G3 Recap 7-27-11

NB: It’s vacation season, and your humble writer needs a break. As a result there will be no updates until mid-August. Best of luck to everyone in the interim – let’s hope the politicians fail at failing.

Main Items:

  • US DGO ex Transportation rose 0.1% MoM in June vs 0.5% exp and 0.6% prev
  • US Capital Goods Orders Nondef Ex-Air declined -0.4% MoM vs 1.0% exp and 1.6% prev.
  • WSJ reports that the Treasury may have enough cash until August 10th due to higher than expected tax receipts.
  • Christine Lagarde raised the possibility that the IMF will need more financial resources to tackle continuing economic crises and will likely have to discuss the issue soon.
  • BOJ warns that the stalled debt ceiling talks in Washington were having a considerable impact on FX markets; the central bank may discuss monetary easing at its next rate review on Aug. 4-5 or even earlier if the yen continues to spike. Reuters
  • Brazil hiked the IOF tax on FX derivatives in an effort to reduce the carry trade. An IOF of 1% is going to be charged on increases in the net LONG BRL exposures built through derivatives from the previous day that exceeds US$10 million, based on the delta.


  • German CPI rose 2.6% YoY in July vs 2.4% exp and prev
  • Swiss KOF LEI declined to 2.04 in July vs 2.11 exp and 2.23 prev.
  • UK CBI
  1. Trends Total Orders declined to -10 in July vs -3 exp and 1 prev
  2. Trends Selling Prices declined to 4 in July vs 27 exp and prev
  3. Business Optimism declined to -16 in July vs 10 exp and 9 prev
  • Australia CPI rose 3.6% YoY in 2Q vs 3.4% exp and 3.3% prev.

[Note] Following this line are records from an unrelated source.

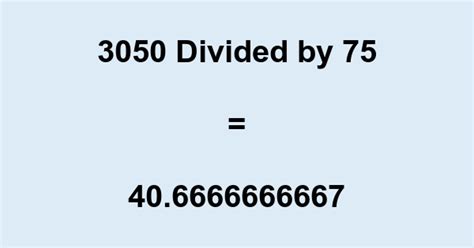 3050 Divided By 75 With Remainder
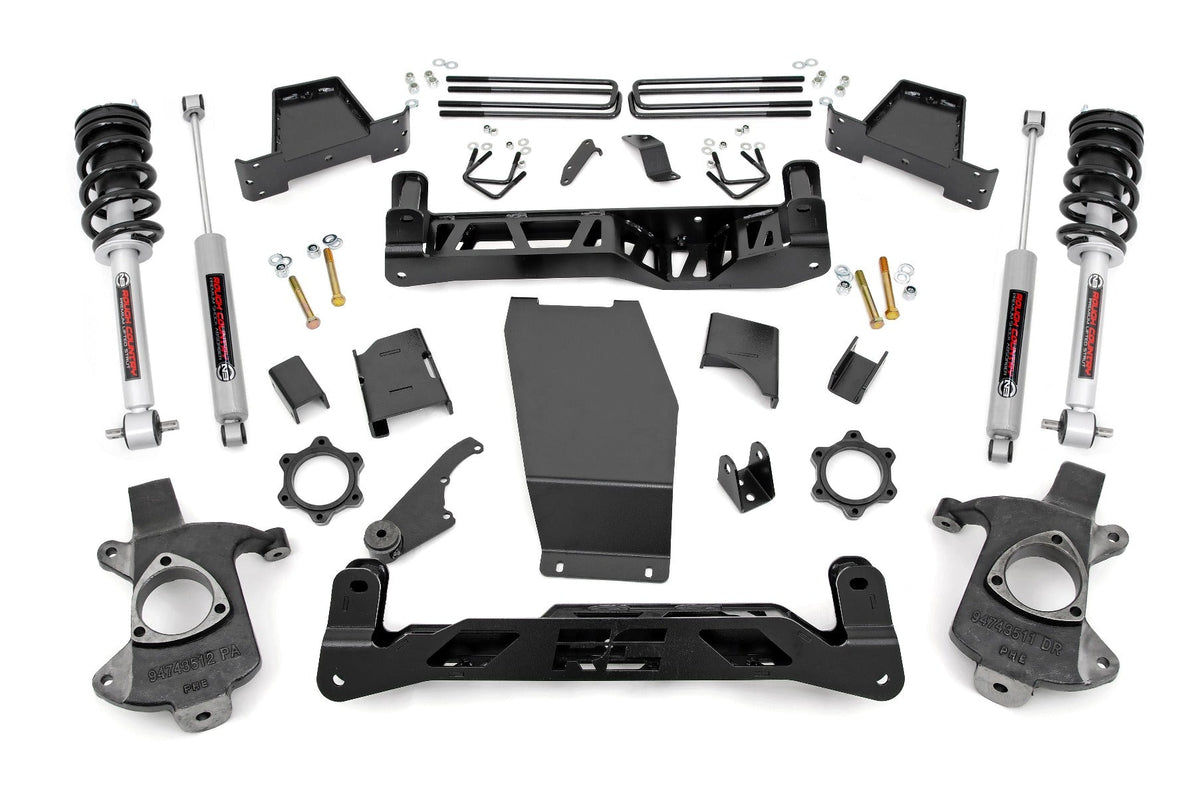 Rough Country 6 Inch Lift Kit Alum/Stamp Steel N3 Struts Fits Chevy/GMC 1500 (14-18) 22732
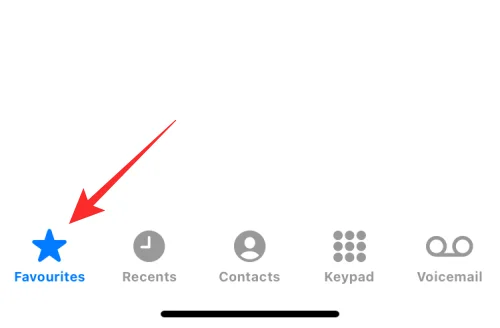 iPhone의 즐겨찾기에서 누군가를 제거하는 방법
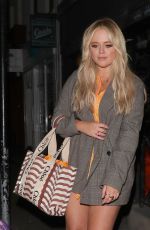 EMILY ATACK Leaves a Karaoke Bar in London 10/26/2022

  • Wikipedia’s history of the 1995 government shutdown: http://en.wikipedia.org/wiki/United_States_federal_government_shutdown_of_1995
    One lesson is that this thing can drag out for a looong time. Last time it took 4 months.
  • Short term market movements are a bit erratic, so I’ll talk a bit about the longer term picture today.
    First, I posit the idea that with low net positioning, (as evidenced by discussions with brokers as well as recent articles on hedge funds trimming risk) the pain trade going to the end of 2H may be higher equities. Of course, hedge funds aren’t expected to outperform every year, but over the long haul, S&P returns remains a sort of a benchmark. The chart below shows that the HFRI macro index basically kept pace with the S&P over the 2003-2007 expansion, but since 2009 has been underperforming:

    Furthermore, US equities are reasonably cheap. The most recent S&P trailing nominal P/E is at a 36 percentile ranking using data over the past 50 years.

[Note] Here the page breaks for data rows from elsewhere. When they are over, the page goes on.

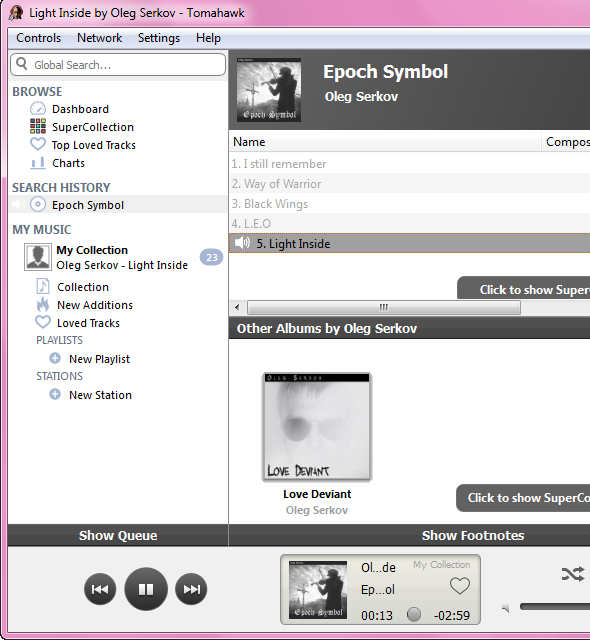 social music player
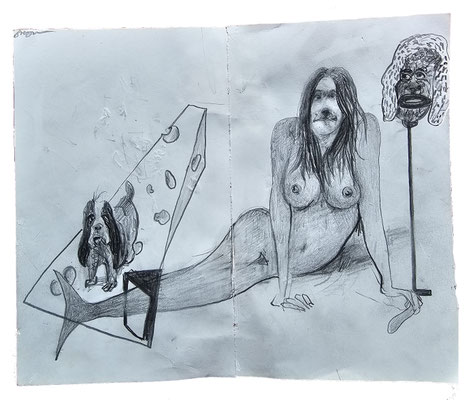 Bleistift auf Papier 20 x 15 cm - 600 Sfr. 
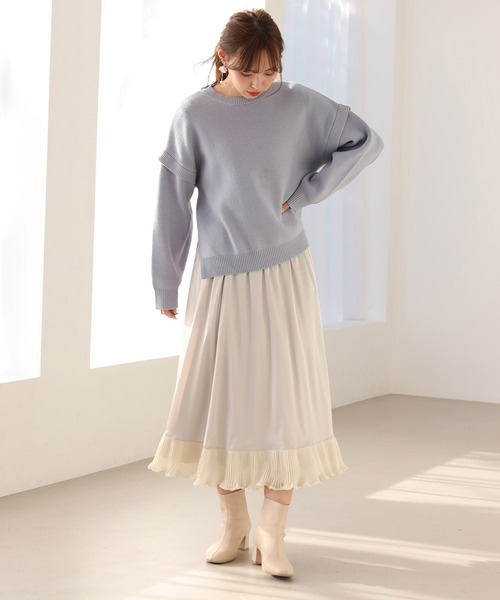 one after another NICE CLAUP（ワンアフターアナザーナイスクラップ）の「リバーシブルプリーツスカート（スカート・レディース・ベージュ系その他/パープル系その他/ピンクベージュ/ライトグレー・FREE）」の7枚目の写真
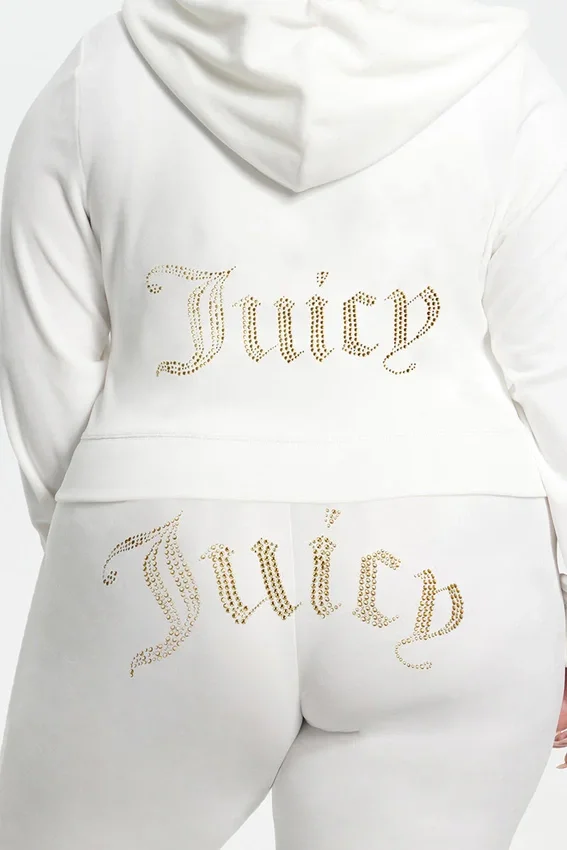 Plus-Size Technicolor Customizable Big Bling Velour Hoodie Plus-Size Technicolor Customizable Big Bling Velour Hoodie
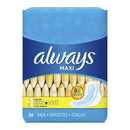 Always Thick Pads W/Wings Jumbo 6X36EA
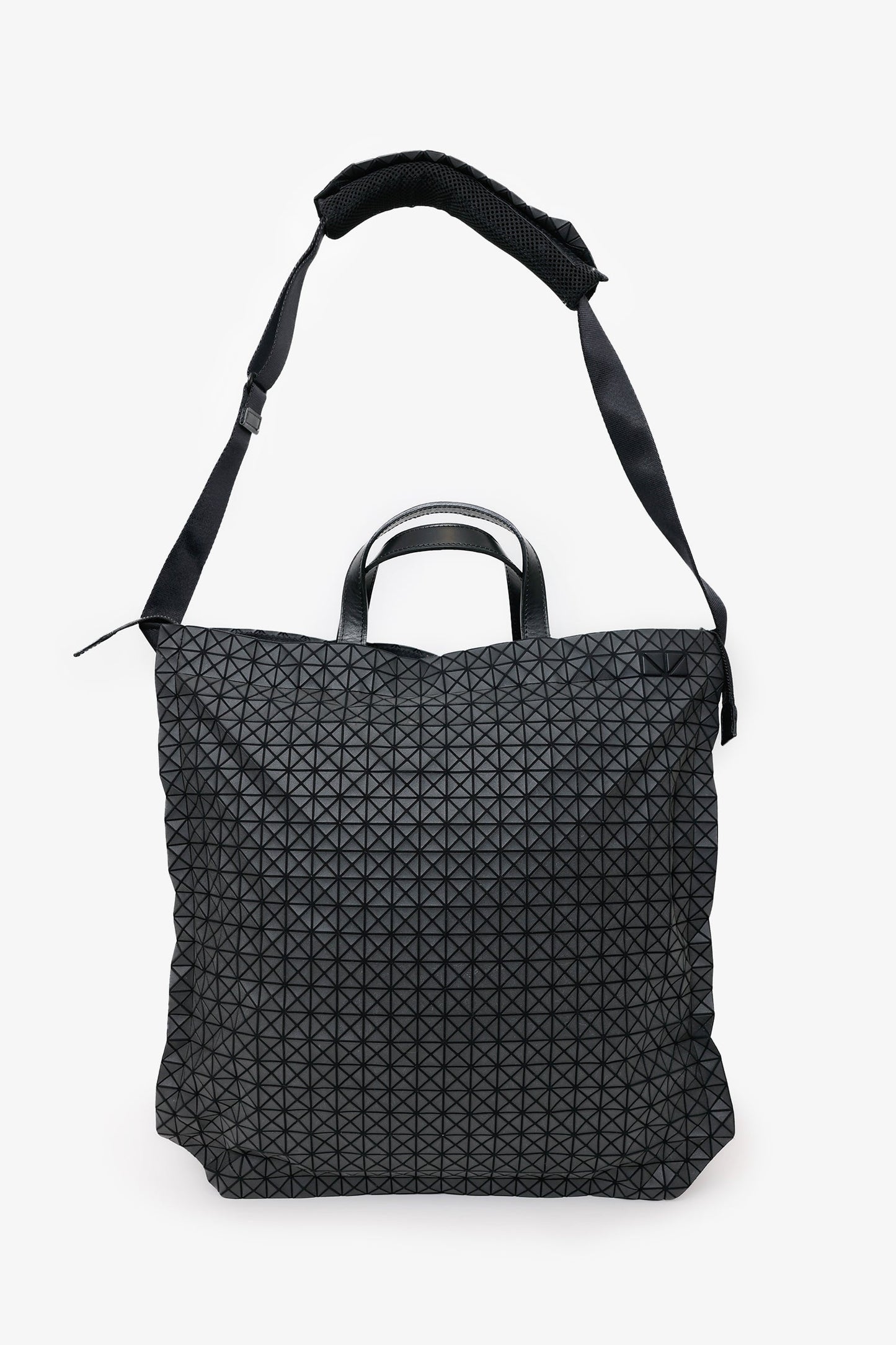 Bao Bao Issey Miyake Grey Geometric Medium Tote With Strap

    Claims that recent earnings growth is solely driven by cost cutting are not accurate. Revenues have been growing north of 7% for over 2 years, which is roughly the norm:

    In fact, the Price to Sales readings are at levels prevailing from the lows of 2003:

    Of course, none of this matters if we get a politician induced recession…


2 thoughts on “G3 Recap 7-27-11

  1. interesting that there have been so many more revenue misses in europe versus states side as I suspect tightening of conditions coming through at a number of levels and banking system in piggies somewhat impaired.

    have a great holiday … lets hope good news delivered on a number of fronts by the time you get back!

  2. Thanks for your comments and thoughts, Bert. I’m a bit relieved that this mess with politicians is happening now, because I’m still a bit unsure as to how to trade these markets. I definitely hope we get better news in a couple weeks!